Administrative Reform

  • Jurisdiction is shifted from criminal courts to administrative adjudicating authorities.
  • Burden of proof changes from “beyond reasonable doubt” to “balance of probabilities”.
  • This aligns regulatory offences with modern civil adjudication mechanisms.

Legislative Design

  • The Act contains only five operative sections, while amendments are placed in a detailed schedule.
  • It initially appears to be a model of efficient legislative drafting.
  • However, concerns arise primarily from Section 4, known as the savings clause.

Decolonisation Goal

  • The legislation also claims to contribute toward decolonising India’s legal system.
  • It seeks to reduce excessive criminalisation inherited from colonial governance structures.
  • Yet, critics argue that the Act paradoxically retains a deeply Victorian legal drafting device.
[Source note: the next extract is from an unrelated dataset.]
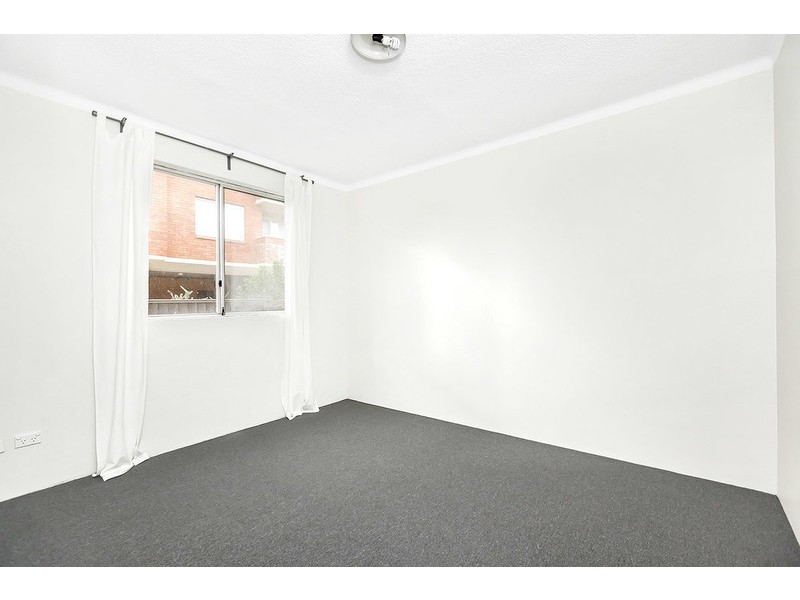 1/64 Sackville Street, Fairfield NSW 2165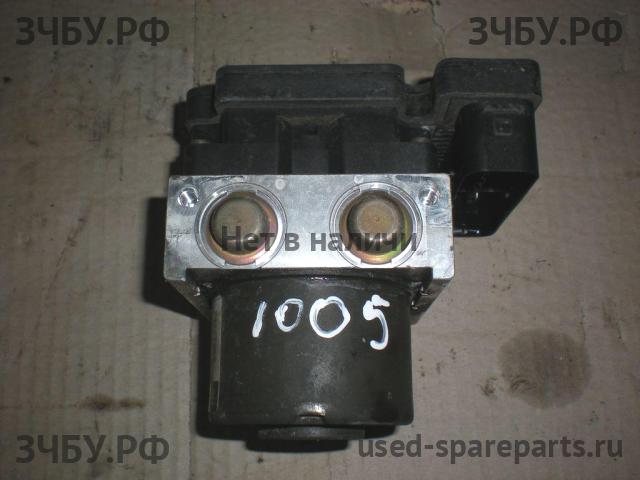 Opel Astra H Блок ABS (насос)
Important Facts And Acts Involved:

Important Constitutional And Legal Concepts

Savings Clause

●      A legal provision preserving existing rights, liabilities, or proceedings despite amendment or repeal.

●      Prevents unintended disruption in legal continuity.

●      Common in repeal and amendment statutes.

Civil vs Criminal Liability

●      Criminal liability involves punishment like imprisonment and requires proof beyond reasonable doubt.

●      Civil liability usually involves fines or penalties based on balance of probabilities.

●      Jan Vishwas shifts many offences from criminal to civil domain.

Doctrine Of Harmonious Construction

●      Courts attempt to interpret conflicting statutes harmoniously.

●      Used to avoid absurd or contradictory legal outcomes.

●      Relevant in resolving Jan Vishwas Act disputes.

Important Acts Mentioned

Jan Vishwas (Amendment of Provisions) Act, 2026

●      Decriminalises offences across 80 Central laws.

●      Focuses on ease of doing business and trust-based governance.

●      Introduces civil penalties instead of imprisonment.

Drugs and Cosmetics Act, 1940

●      Regulates manufacture and sale of drugs and cosmetics in India.

●      Earlier included criminal penalties for several violations.

●      Some offences have now been decriminalised.

Representation of the People Act, 1951

●      Governs elections and qualifications/disqualifications of MPs and MLAs.

●      Certain criminal convictions lead to electoral disqualification.

●      Cross-reference issue arises due to Jan Vishwas amendments.

British Statute Law Revision Acts

●      19th-century British laws repealing obsolete legislation.

●      Introduced the traditional Westbury-style savings clause.

●      Influenced colonial legislative drafting in India.

Understanding the Controversial Savings Clause:

Meaning Explained

  • A savings clause preserves certain legal effects despite amendments or repeal of laws.
  • Such clauses prevent legal vacuum or unintended disruption in governance.
  • They are generally used during large-scale repeal or consolidation exercises.

Section 4’s First Limb

  • The clause states that amendments “shall not affect any other enactment” referring to the amended law.
  • Thus, if another statute references an older provision, that reference may remain unchanged.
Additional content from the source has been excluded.